Here is a list of all the postings pgk pgk has made in our forums. Click on a thread name to jump to the thread.

Thread: Lathe holding
03/04/2015 10:22:34
Posted by Ian S C on 03/04/2015 09:56:48:

PVA worked ok for me, I used the pages from a telephone directory, and leave at least overnight to dry. I also cut the corners off the block of wood to make an octagon, more bumps but smaller.

Ian S C

My only difference was not usng a telephone diectory.. just printer paper. I'd seen and heard of it being done and assume i just got unlucky. At least it lept towards me and not the window. The window wouldn't have ducked.

Thread: screw cutting speed and angle
03/04/2015 07:19:41

Don't be totally put off by the above. Setup your lathe at it's slowest speed without stock or tool - for a finer pitch thread - say m4 fine pitch 0.5mm. At 160 rpm you'ld be cutting 8cm a minute.

Now a minute is a long time. 10 seconds is quite long when on the ball - only 1 and a bit cm. Get used to how fast the carriage travels etc starting well away from the chuck.

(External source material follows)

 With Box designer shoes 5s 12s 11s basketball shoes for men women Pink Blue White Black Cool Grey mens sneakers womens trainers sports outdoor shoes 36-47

For actually having the satsfaction of cutting a thread for real choose a long bar, fine cuts, tail stock support if needed or a large diameter bar and ignore pitch theory for the diameter you chose. Give yourself a good length to drop your thread end into too. In other words set everything up to be favourable.

For a newbie like me there is satisfaction just in cutting a thread.. even if the piece I cut is of no use for any project - just a practice piece. Reflexes and muscle memory apply. As your body gets used to following the rhythm of that carriage moving towards the bar and starting cutting it will get in tune and you can cut a short length of thread. Don't be afraid to stop short of the end of the thread and do the last few turns by hand.

Thread: Lathe holding
02/04/2015 13:12:46

My one try at using the glue and paper method on wood turning ended up with the lump coming adrift and needing a fast hop sideways. that was wth PVA.

The brown foamy glue is supposed to hold metal to stone even but I can;t say i fancy trying that on any decent chunk on a metal lathe.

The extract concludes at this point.